FluxSieve: Unifying Streaming and Analytical Data Planes for Scalable Cloud Observability

Despite many advances in query optimization, indexing techniques, and data storage, modern data platforms still face difficulties in delivering robust query performance under high concurrency and computationally intensive queries. This challenge is particularly pronounced in large-scale observability platforms handling high-volume, high-velocity data records. For instance, recurrent, expensive filtering queries at query time impose substantial computational and storage overheads in the analytical data plane. In this paper, we propose FluxSieve, a unified architecture that reconciles traditional pull-based query processing with push-based stream processing by embedding a lightweight in-stream precomputation and filtering layer directly into the data ingestion path. This avoids the complexity and operational burden of running queries in dedicated stream processing frameworks. Concretely, this work (i) introduces a foundational architecture that unifies streaming and analytical data planes via in-stream filtering and records enrichment, (ii) designs a scalable multi-pattern matching mechanism that supports concurrent evaluation and on-the-fly updates of filtering rules with minimal per-record overhead, (iii) demonstrates how to integrate this ingestion-time processing with two open-source analytical systems -- Apache Pinot as a Real-Time Online Analytical Processing (RTOLAP) engine and DuckDB as an embedded analytical database, and (iv) performs comprehensive experimental evaluation of our approach. Our evaluation across different systems, query types, and performance metrics shows up to orders-of-magnitude improvements in query performance at the cost of negligible additional storage and very low computational overhead.

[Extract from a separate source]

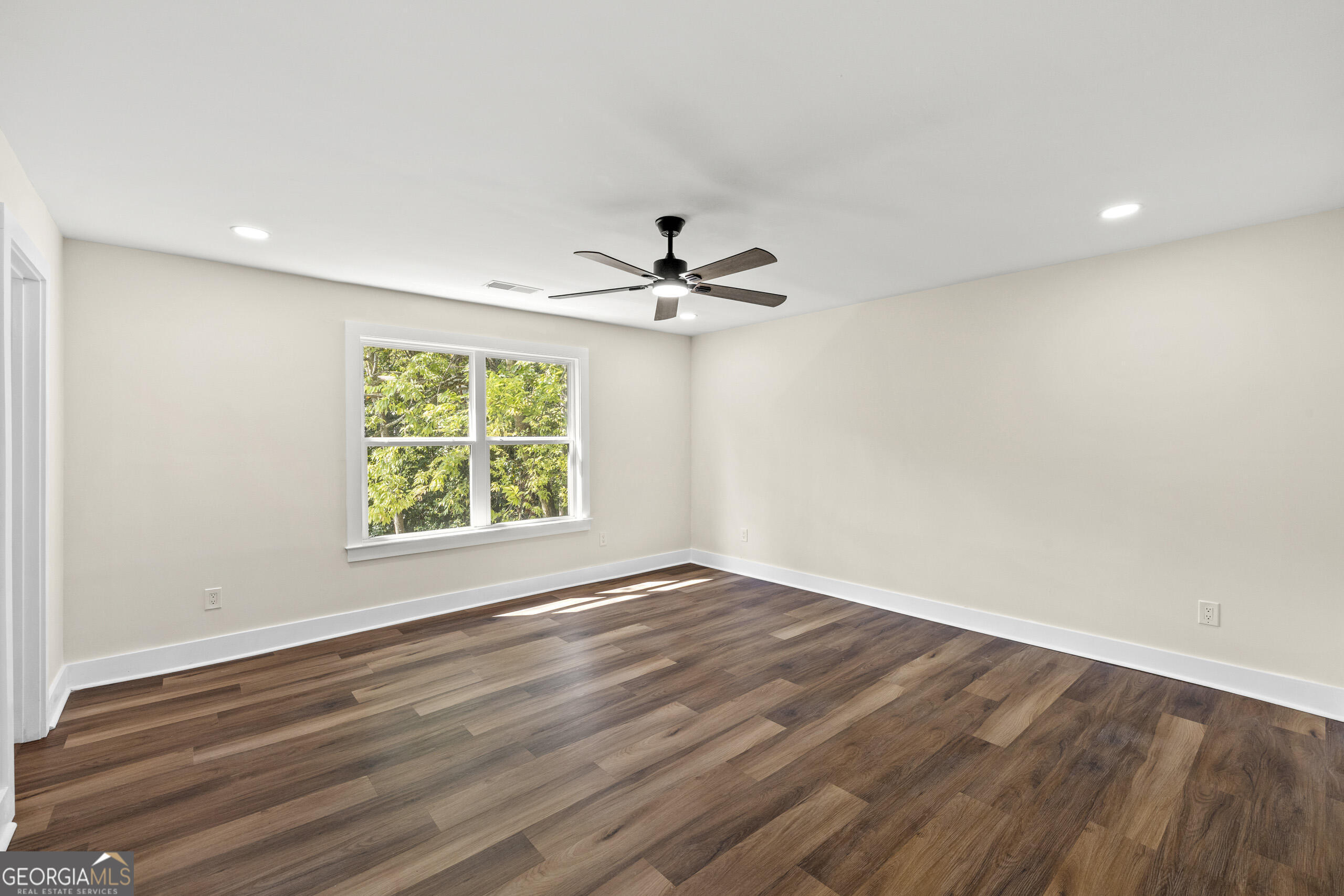 1620 Chevron Way Sandy Springs, GA 30350 - Photo 24 of 33 wooden floor in an empty room with a window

翻译：尽管在查询优化、索引技术和数据存储方面取得了诸多进展，现代数据平台在高并发和计算密集型查询场景下，仍难以提供稳健的查询性能。这一挑战在处理海量、高速数据记录的大规模可观测性平台中尤为突出。例如，在查询时反复执行的高开销过滤查询会给分析数据平面带来巨大的计算和存储开销。本文提出FluxSieve，一种统一架构，通过在数据摄取路径中直接嵌入轻量级的流内预计算与过滤层，将传统的基于拉取的查询处理与基于推送的流处理相融合。这避免了在专用流处理框架中运行查询所带来的复杂性和运维负担。具体而言，本工作（i）提出一种基础架构，通过流内过滤与记录增强来统一流式与数据分析平面；（ii）设计一种可扩展的多模式匹配机制，支持过滤规则的并发评估与动态更新，且每条记录的开销极低；（iii）演示如何将这种摄取时处理与两个开源分析系统——作为实时在线分析处理（RTOLAP）引擎的Apache Pinot以及作为嵌入式分析数据库的DuckDB——进行集成；（iv）对本方法进行全面实验评估。我们在不同系统、查询类型和性能指标上的评估表明，该方法能以可忽略的额外存储成本和极低的计算开销为代价，实现查询性能数量级的提升。